Komnas HAM menyampaikan sederet laporan soal kasus mutilasi warga Papua yang melibatkan prajurit TNI di Kampung Pigapu, Distrik Mimika Timur, Kabupaten Mimika, Papua. Sebanyak 10 pelaku terlibat dalam kasus mutilasi ini.
10 Pelaku: 6 Prajurit TNI dan 1 Warga Sipil Masih Buron
Dilansir detikNews, Komisioner Komnas HAM Beka Ulung Hapsara mengatakan, enam pelaku di antaranya merupakan prajurit TNI. Sementara itu empat orang lainnya warga sipil, satu di antaranya masih berstatus buron.
"Enam orang pelaku anggota TNI dan tiga orang pelaku sipil, jadi kan ada 10 ya. Enam anggota TNI dan tiga warga sipil. Satunya, Saudara Roy, masih DPO sampai saat ini," ujar Beka, saat jumpa pers, Selasa (20/9/2022).
SCROLL TO CONTINUE WITH CONTENT
Pelaku Buron Bukan Pelaku Utama
Seorang yang masih buron bernama Roy Marthen Howai. Polisi diminta untuk segera menangkapnya. Menurut hasil rekonstruksi kasus mutilasi, Roy bukan aktor utama kasus tersebut.
"Jadi banyak pembicaraan yang masyarakat menangkapnya salah satu berbagai keterangan itu macet di Roy Marthen Howai, kok kesannya dia dijadikan pelaku utama. Jadi Roy bukan pelaku utama, dia pelaku saja. Dan penting polisi untuk segera menangkap Roy biar terangnya peristiwa ini semakin lama semakin terang," ucap Komisioner Komnas HAM Choirul Anam.
Korban Mutilasi Diduga Disiksa dan Martabat Direndahkan
Komnas HAM menduga ada tindakan penyiksaan, kekerasan, dan perlakuan merendahkan martabat manusia dalam kasus pembunuhan itu.

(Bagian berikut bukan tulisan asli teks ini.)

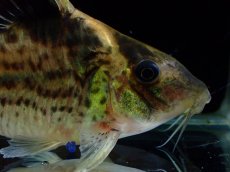 画像6: 【淡水魚】【通販】超激レア No3 ショートボディ コリドラス ロブスタス リオプルス産 ワイルド【個体販売】(±8cm)(生体)(熱帯魚)NKCR (6)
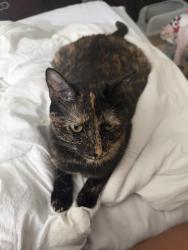 Reunited Female Cat last seen Westwind Dr in Loma Del Sol, Four Corners, FL 33896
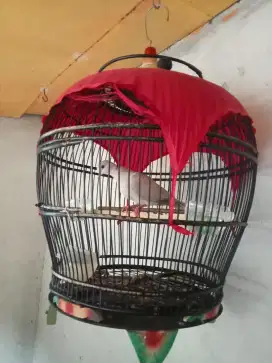 Burung puter dan kandang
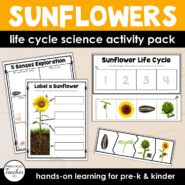 Cover-Life Cycles-Sunflowers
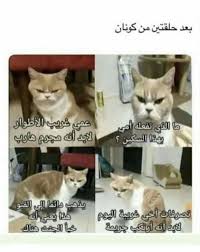 Pin By Ill 25 On ليه مكشر Funny Photo Memes Cute Love Memes Fun Quotes Funny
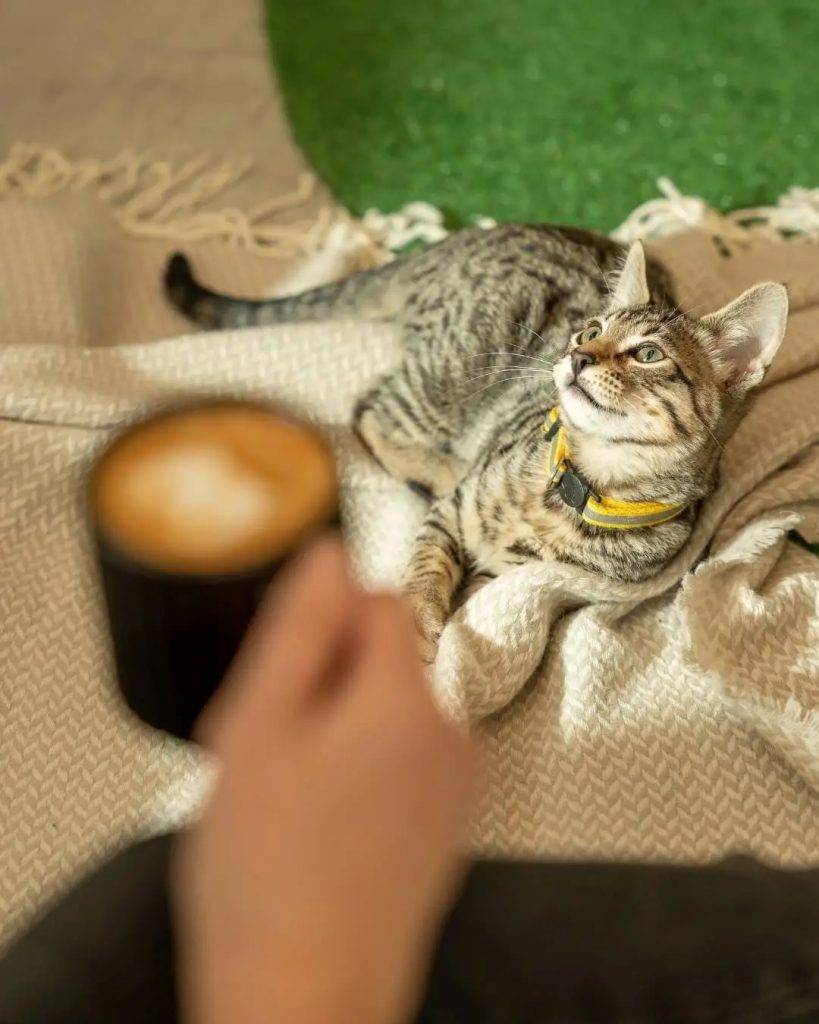 adorable tabby cat relaxing in cat cafe in lima peru, gatu cafe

"Ini yang penting menjadi highlight dari Komnas adalah informasi dugaan penyiksaan, kekerasan, dan perlakuan merendahkan martabat manusia sampai hilangnya nyawa. Jadi ada dugaan penyiksaan, kekerasan, dan juga perlakuan lain yang merendahkan harkat dan martabat manusia," kata Beka.
Komnas HAM meminta keterangan para penyidik dari polisi, penyidik TNI, hingga keluarga korban. Sejumlah pelaku yang telah dibekuk juga dimintai keterangan.
"Terus kemudian enam orang pelaku anggota TNI dan tiga orang pelaku sipil, jadi kan ada 10 ya. Enam anggota TNI dan tiga warga sipil. Satunya, Saudara Roy, masih DPO sampai saat ini," ujar Beka.
Sisa Karung untuk Potongan Tubuh Korban
Komnas HAM Kantor Perwakilan Papua telah meninjau lokasi pembunuhan dan mutilasi di Mimika, Papua. Lokasi itu adalah tempat pembunuhan dan tempat potongan jenazah dibuang.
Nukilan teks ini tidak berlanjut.